Lo aveva detto dopo i risultati del 4 marzo e lo ribadisce dopo l’ancora più cocente, da un certo punto di vista, sconfitta dei Ballottaggi alle Elezioni Comunali del 24 giugno: Carlo Calenda chiede di andare oltre il Partito Democratico, ormai logoro, vecchio e soprattutto senza idee. Il tweet dell’ex ministro del Mise (fidato di Renzi anche se spesso in discussione su tutto, ndr) è di quelli durissimi: «Navigazione a vista sta portando il centro sinistra all’irrilevanza proprio quando l’Italia ne avrebbe più bisogno. Ripensare tutto: linguaggio, idee, persone, organizzazione. Allargare e coinvolgere su una nuovo manifesto. Andare oltre @pdnetwork. Subito!». E l’hashtag lanciato è lo stesso del 5 marzo mattina, bisogna fondare un “Fronte Repubblicano” secondo uno dei ministri più apprezzati del precedente governo, da molti considerati il possibile nuovo leader del Centrosinistra. A dir la verità, in molti a sinistra lo ritengono o “troppo vicino a Renzi” o con troppa poca “esperienza di sinistra” (resta infatti un manager di aziende e uno dallo spirito molto più prammatico che “nostalgico”) e per questo la sua richiesta di svolta non è stata “valutata” nelle settimane dopo la sconfitta alle Politiche Nazionali. Ora però, con il Centrosinistra che perde dopo Terni anche Siena, Massa, Pisa, Avellino, Ivrea e Imola – e tra un anno ci sono le temute Europee, quelle in cui nel 2014 Renzi conquistò il punto massimo del Pd prima della caduta – Calenda ritorna alla carica e immagina di poter costruire, magari proprio con Renzi, un nuovo “fronte” moderato da contrapporre a Salvini e Di Maio.

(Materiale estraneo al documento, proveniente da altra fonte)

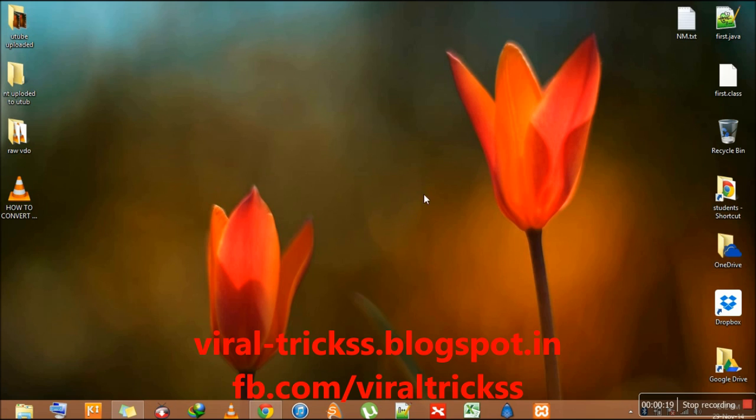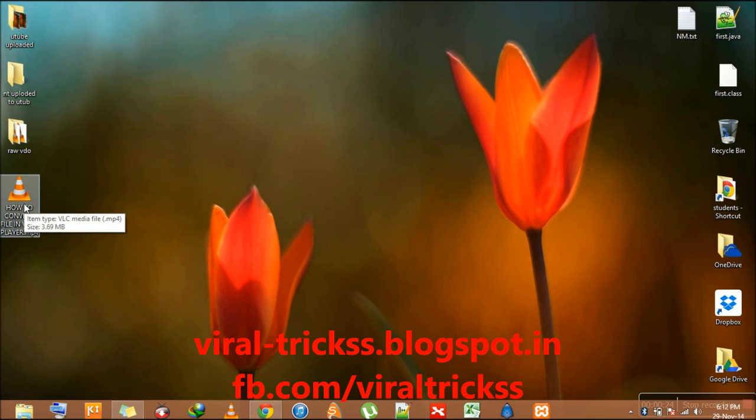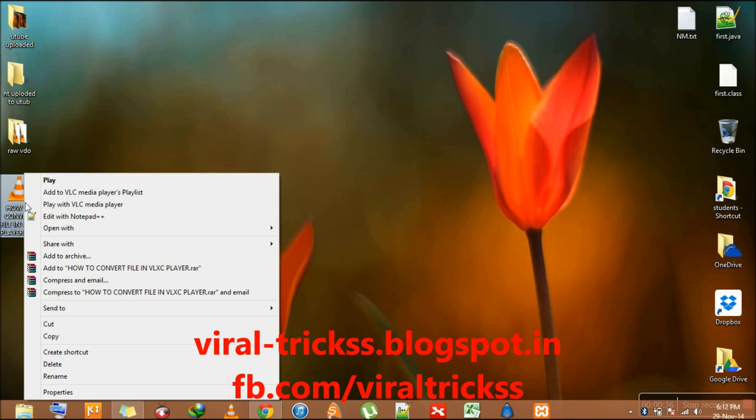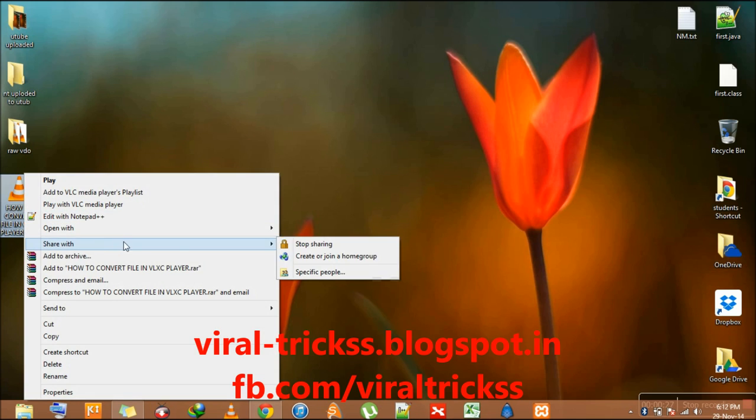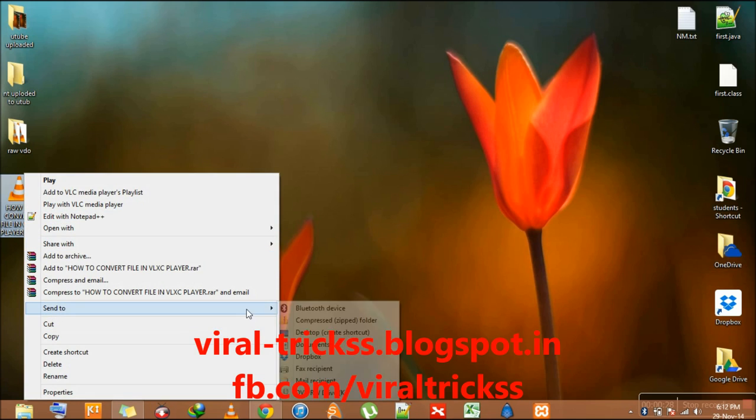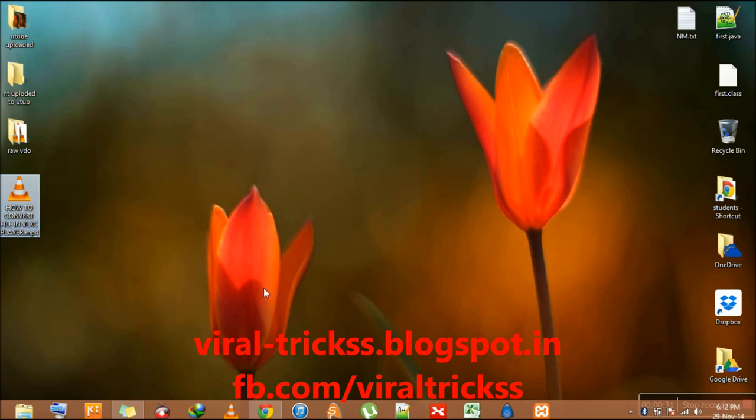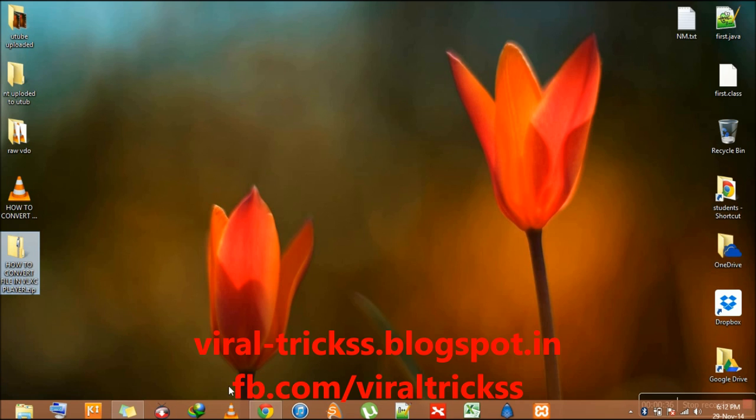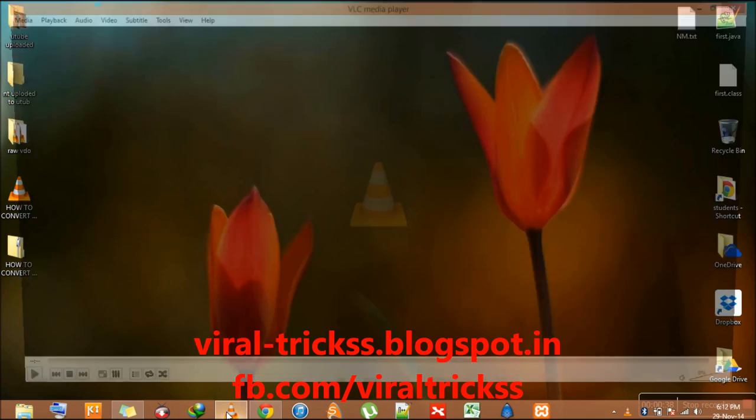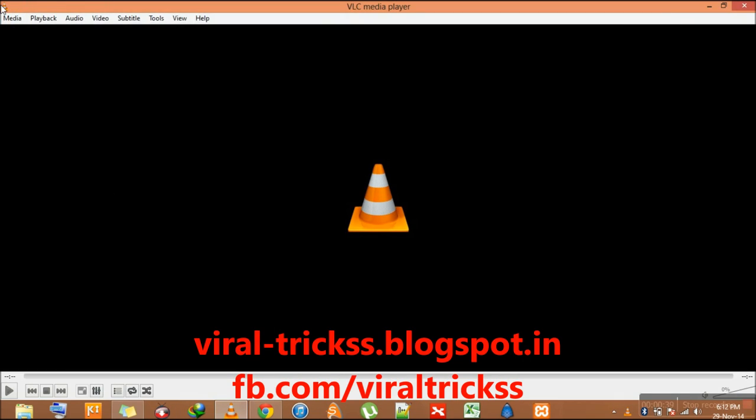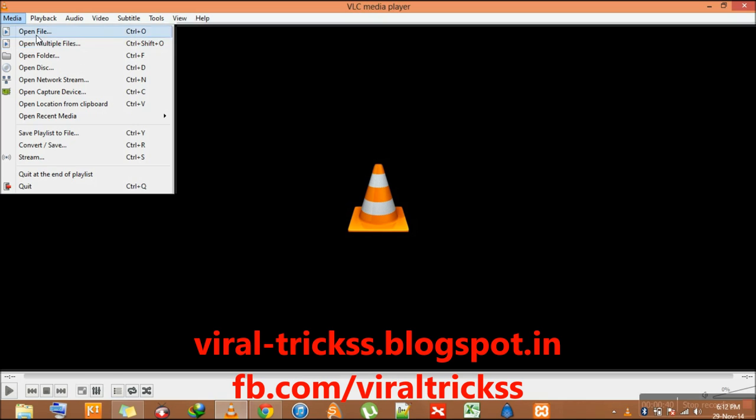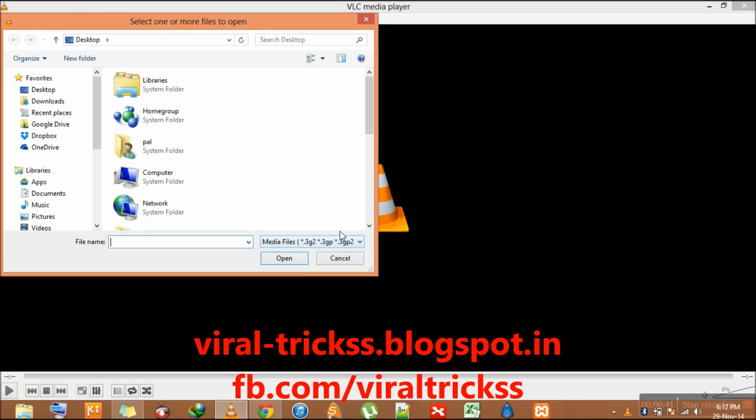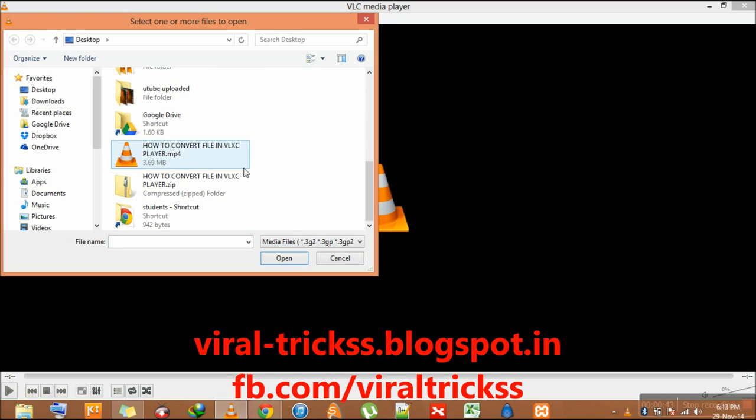With the help of VLC player. To demonstrate it, firstly we have to make a zip folder. Here the folder is available, so go to your VLC player, media, open files, and here.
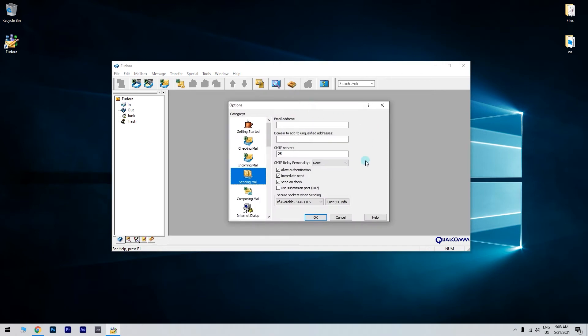By default, the port is set to 25, so make sure you enter the correct port for your provider. And check Allow Authentication option under the SMTP server section.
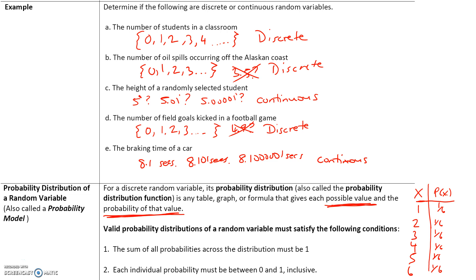A valid probability distribution of a random variable must satisfy two conditions. First, the sum of all the probabilities across the distribution must equal 1 — adding 1/6 six times gives 1. Second, each individual probability must be between 0 and 1, inclusive. So it could be 0 or 1, but it cannot be less than 0 or greater than 1.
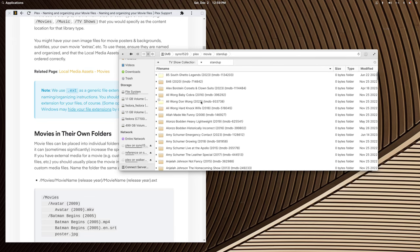There's a sort folder for every library type instead of trying to have one big movie library with all this different content in it. I would never create a genre-based movie library, because when you get into the actual library you can create a collection instead.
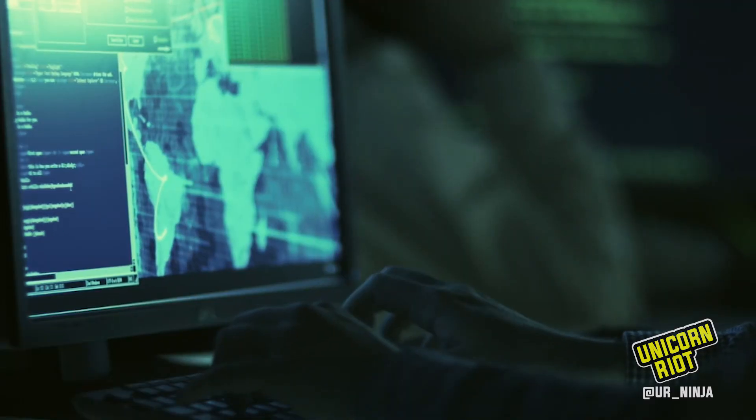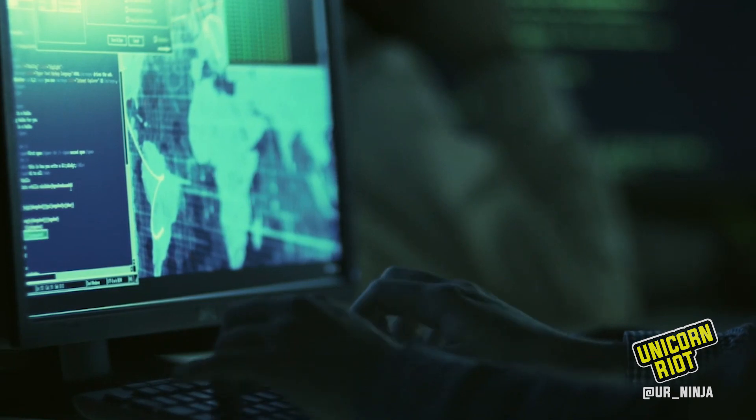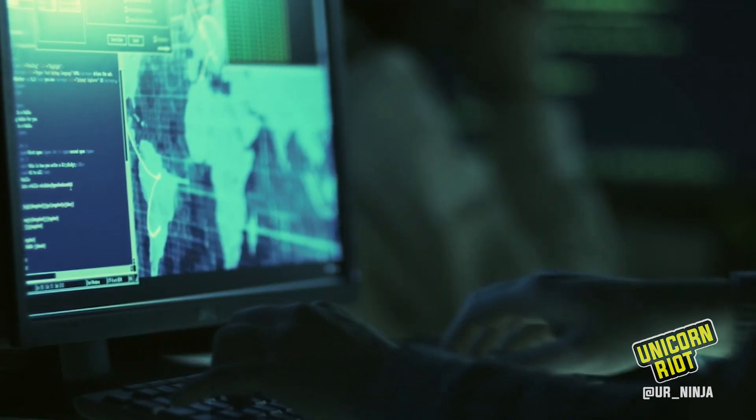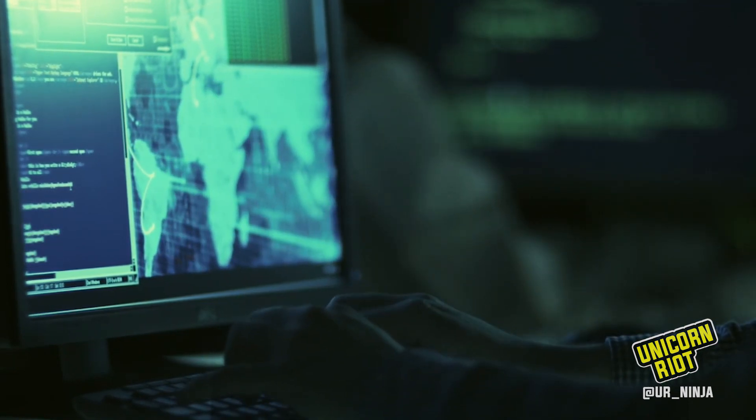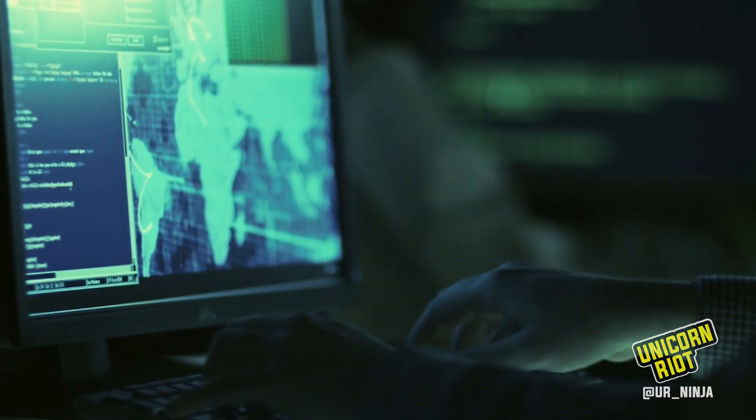Hi everyone, this is Ray with Unicorn Riot. We are here at DEFCON 27 in Las Vegas and we are going to speak with the OSINT missing persons team. They are here with Trace Labs, a not-for-profit organization based out of Canada. What they do is open source intelligence to help find missing people.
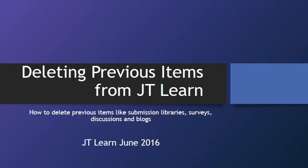Do you want to clear out old discussion boards, submission libraries, and surveys from your JT Learn site? Watch the following screencast on how to remove old items from your site.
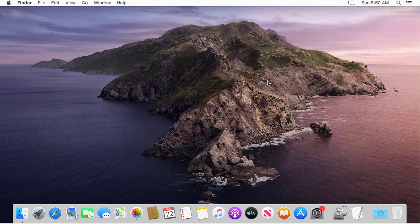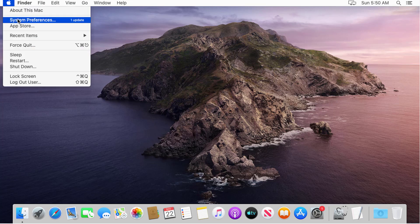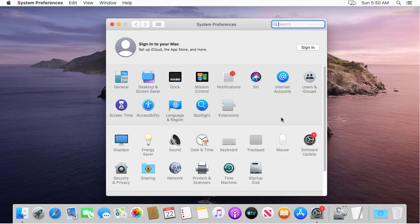If you're using macOS Mojave or later, get macOS Big Sur via Software Update. Choose Apple Menu, then System Preferences, then click Software Update.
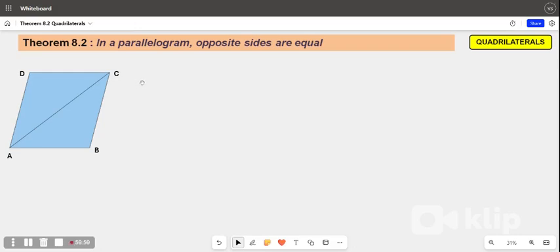Hello. Today we will go through theorem 8.2 of the quadrilaterals. It says that in a parallelogram, the opposite sides are equal. So we took a parallelogram ABCD in which we have to prove that the opposite sides are equal.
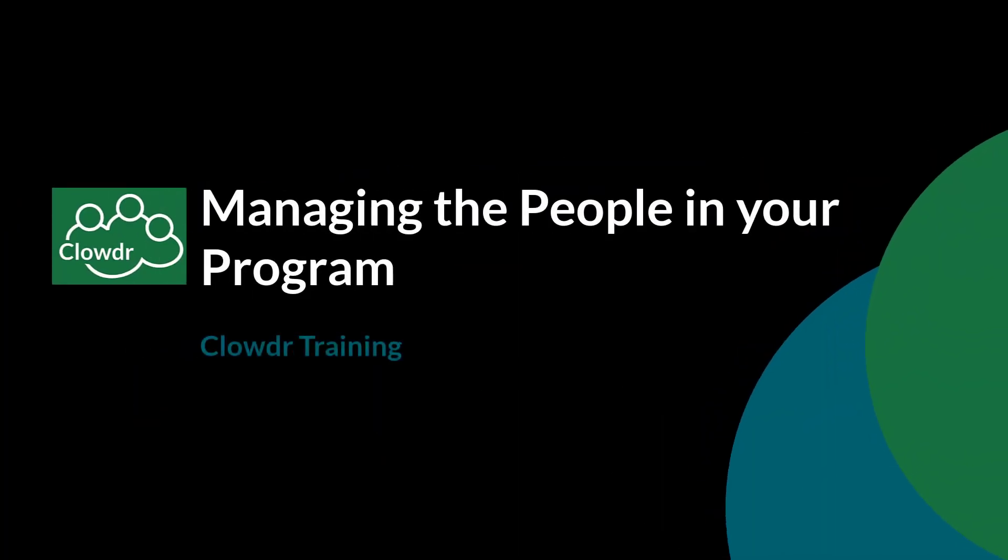Hello and welcome to Clouder. This short tutorial is part of our Clouder Essentials series, a set of video resources for organizers.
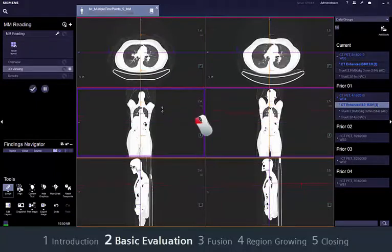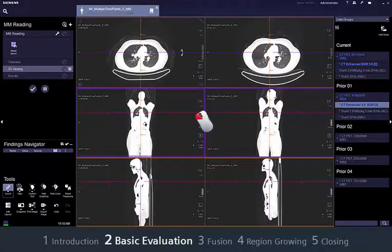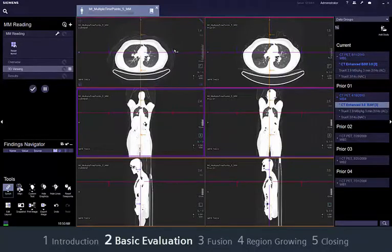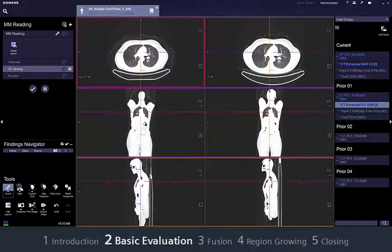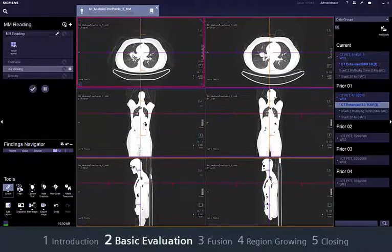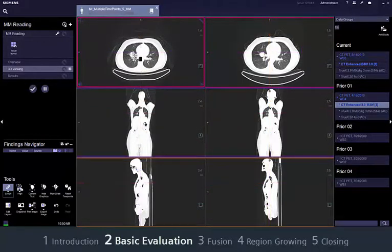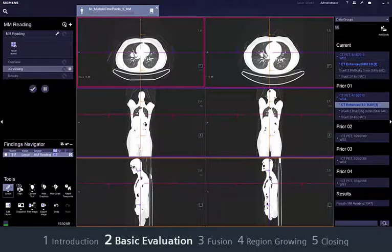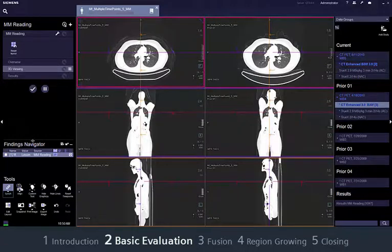While scrolling through the slices, use the measurement tools, for example to mark suspicious structures, so you can easily find them again later by clicking on the finding in the findings navigator. Click on the finding to show the suspicious lesion in all segments.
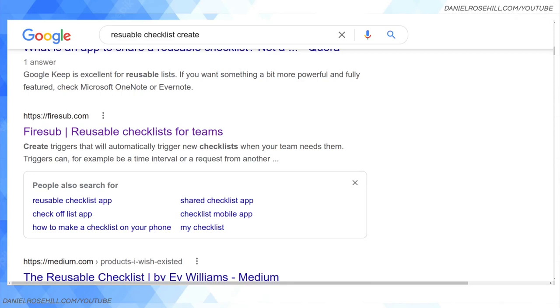Hey guys, welcome back to my YouTube channel. This is Daniel Rosal. Today's video is looking at reusable checklist software on the web UI. I did a video just a few hours ago regarding an app I found for Android. It's a real pity that this seems to be a very underserved part of the market.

MARTINA “FRENA” L’EX MINISTRO
Chi però non si dice già d’accordo, come detto tra l’altro anche dopo il 4 marzo, è lo stesso che ancora oggi dovrebbe decidere nel Pd, ovvero il segretario reggente. Maurizio Martina, che di certo non esce benissimo dal doppio turno delle Amministrative, è intervenuto stamane a “Circo Massimo” su Radio Capital e ha smentito la possibilità di una nuova creatura “oltre il Pd”: «Non sono d’accordo con il superamento del Pd. “Credo invece in un campo progressista di centrosinistra, con il Pd al centro. Certo dobbiamo chiamare tutti a raccolta, ridefinire il campo. Il centrosinistra prevale, dove c’è ancora un Partito democratico in salute, capace di fare comunità», spiega Martina ricacciando indietro (per ora) la proposta di Calenda. Bisogna cambiare qualcosa, e in questo senso le leadership da rinnovare (anche la sua quindi?) sono il primo punto: «Ci dobbiamo attrezzare con risposte nuove a temi profondi, come il rapporto fra integrazione e sicurezza che è stato dominante. Salvini ha intercettato delle parole d’ordine che vengono percepite come rilevanti anche da un elettorato di centrosinistra. C’è un bisogno enorme di protezione da parte dell’elettorato». Prossimo step il congresso di luglio dove però il Pd si ritrova a dover discutere non più “solo” della debacle del 4 marzo ma anche di quella del 10-24 giugno 2018.